Em Sydney estivemos apenas algumas horas. Ficámos com a impressão de que é uma cidade agradável e a zona da marina, ladeada pela antiga ponte e pela Opera House, é de facto muito bonita. Mas podemos desde já assumir que não foi pelas cidades que nos rendemos à Austrália. Tanto Sydney como Melbourne são cidades simpáticas, com uma vibe muito moderna e uma diversidade cultural que as enriquece, mas não podem ser comparadas às grandes cidades europeias no que diz respeito à grandiosidade e quantidade das atrações turísticas. Os próprios australianos reconhecem que o seu património histórico é muito recente se o compararmos com o património que a Europa herdou de eras antiquíssimas.




Em Melbourne passámos mais tempo do que em Sydney e pudemos visitar museus, parques, bibliotecas e jardins. Para além disso, a Débora aceitou o desafio de um amigo para participar num divertido jogo de Swordcraft. Recebeu a formação para principiantes e, depois, por ali andou de espada em punho, num recinto de futebol australiano, a lutar contra cruzados, vikings e samurais...







Mas foram os subúrbios e as pequenas vilas que nos encantaram na Austrália: em New South Wales ficámos em Lorn, uma bonita localidade perto de Maitland, esta uma vila um bocadinho maior. Na Austrália parece que tudo é construído na horizontal: há abundância de espaço, pelo que as ruas são largas, as casas são espaçosas e toda a gente tem o seu quintal. Lorn é uma localidade feita de bonitas vivendas, antigas, mas sempre renovadas de modo a manterem o aspeto original singelo e muito british. 



Em Newcastle nadámos na Bar Beach: belíssima praia com direito a aviso dada a possibilidade de presença de tubarões nas águas do Mar da Tasmânia. E fomos a uma reserva natural para ver de perto animais muito giros!

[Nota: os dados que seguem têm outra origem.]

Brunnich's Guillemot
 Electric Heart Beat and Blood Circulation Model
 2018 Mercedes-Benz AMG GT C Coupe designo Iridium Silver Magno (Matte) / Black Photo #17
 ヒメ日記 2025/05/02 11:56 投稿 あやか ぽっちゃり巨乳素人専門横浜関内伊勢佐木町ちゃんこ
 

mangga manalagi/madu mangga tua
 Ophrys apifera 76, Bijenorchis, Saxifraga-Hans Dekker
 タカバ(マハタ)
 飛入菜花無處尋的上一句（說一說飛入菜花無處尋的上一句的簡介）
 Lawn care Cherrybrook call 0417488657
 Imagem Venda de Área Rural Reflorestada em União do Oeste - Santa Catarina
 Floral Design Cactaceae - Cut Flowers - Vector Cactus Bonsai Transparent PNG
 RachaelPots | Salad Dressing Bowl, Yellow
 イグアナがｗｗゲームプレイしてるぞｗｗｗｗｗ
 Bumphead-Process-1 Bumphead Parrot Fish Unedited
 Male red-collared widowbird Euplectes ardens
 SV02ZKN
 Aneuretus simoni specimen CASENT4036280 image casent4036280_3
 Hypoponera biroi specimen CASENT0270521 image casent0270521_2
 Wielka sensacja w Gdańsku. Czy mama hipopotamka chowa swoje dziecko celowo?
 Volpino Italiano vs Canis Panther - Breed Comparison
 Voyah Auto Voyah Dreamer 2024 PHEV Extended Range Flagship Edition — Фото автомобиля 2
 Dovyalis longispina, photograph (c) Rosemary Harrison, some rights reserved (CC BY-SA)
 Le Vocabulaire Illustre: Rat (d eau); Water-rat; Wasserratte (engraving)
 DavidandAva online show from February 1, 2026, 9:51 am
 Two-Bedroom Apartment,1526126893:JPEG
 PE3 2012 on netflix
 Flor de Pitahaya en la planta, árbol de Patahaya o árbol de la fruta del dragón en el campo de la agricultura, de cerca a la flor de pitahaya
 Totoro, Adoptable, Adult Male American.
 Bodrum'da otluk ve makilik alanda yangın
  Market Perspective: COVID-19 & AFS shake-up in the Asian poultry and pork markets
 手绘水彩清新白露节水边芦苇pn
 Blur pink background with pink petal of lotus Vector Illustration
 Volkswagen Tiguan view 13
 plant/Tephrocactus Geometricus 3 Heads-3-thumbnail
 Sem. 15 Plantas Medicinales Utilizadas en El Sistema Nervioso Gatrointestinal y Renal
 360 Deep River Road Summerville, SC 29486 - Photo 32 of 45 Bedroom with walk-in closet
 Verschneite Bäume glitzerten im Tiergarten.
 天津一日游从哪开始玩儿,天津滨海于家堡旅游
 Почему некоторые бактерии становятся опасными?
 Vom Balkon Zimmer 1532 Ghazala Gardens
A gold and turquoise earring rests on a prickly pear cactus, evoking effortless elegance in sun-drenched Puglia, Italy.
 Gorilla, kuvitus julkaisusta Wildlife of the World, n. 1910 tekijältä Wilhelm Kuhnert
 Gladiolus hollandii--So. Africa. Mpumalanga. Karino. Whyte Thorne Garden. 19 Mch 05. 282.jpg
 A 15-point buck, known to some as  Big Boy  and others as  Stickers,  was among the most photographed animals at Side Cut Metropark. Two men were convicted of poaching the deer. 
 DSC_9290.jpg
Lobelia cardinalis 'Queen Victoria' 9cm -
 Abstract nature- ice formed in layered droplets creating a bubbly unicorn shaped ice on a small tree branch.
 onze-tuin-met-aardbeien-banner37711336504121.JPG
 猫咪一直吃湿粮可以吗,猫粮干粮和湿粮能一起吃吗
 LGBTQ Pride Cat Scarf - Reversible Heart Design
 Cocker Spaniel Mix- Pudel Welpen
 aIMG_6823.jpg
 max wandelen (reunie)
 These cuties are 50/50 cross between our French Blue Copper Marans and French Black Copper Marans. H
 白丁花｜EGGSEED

Já no estado de Victoria, nas redondezas de Melbourne, ficámos hospedados com amigos em Pakenham, um subúrbio também tranquilo e agradável. E naquela região também tivemos encontros com pássaros muito giros!



Fomos também a Ballarat, uma cidade histórica a norte de Melbourne, famosa por ser a metrópole da região para a qual migraram milhares de britânicos nos anos 1850s durante a corrida ao ouro. Hoje em dia é uma cidade bonita, de tamanho médio, com um jardim botânico muito giro para passeios e piqueniques!


Uma das principais atrações turísticas do estado de Victoria é Sovereign Hill, um parque temático localizado nos arredores de Ballarat onde é recriada a típica aldeia mineira do século XIX. A visita é cara, mas vale o preço do bilhete pela quantidade e qualidade das exibições interativas e informativas que ali são disponibilizadas: produção de doces artesanais (que eram só para consumo dos adultos porque, naquele tempo, o açúcar era um bem muito caro); dramatização de um leilão de uma mulher por parte do seu marido (porque não havia divórcio e esta era a forma encontrada para oficializar uma separação); simulação de uma aula na escola primária; demonstração de como o ouro era derretido e, depois, transformado em barras de ouro; visita a uma espécie de mina; ... etc. De todas as atrações turísticas que visitámos na Austrália, esta foi aquela de que mais gostámos!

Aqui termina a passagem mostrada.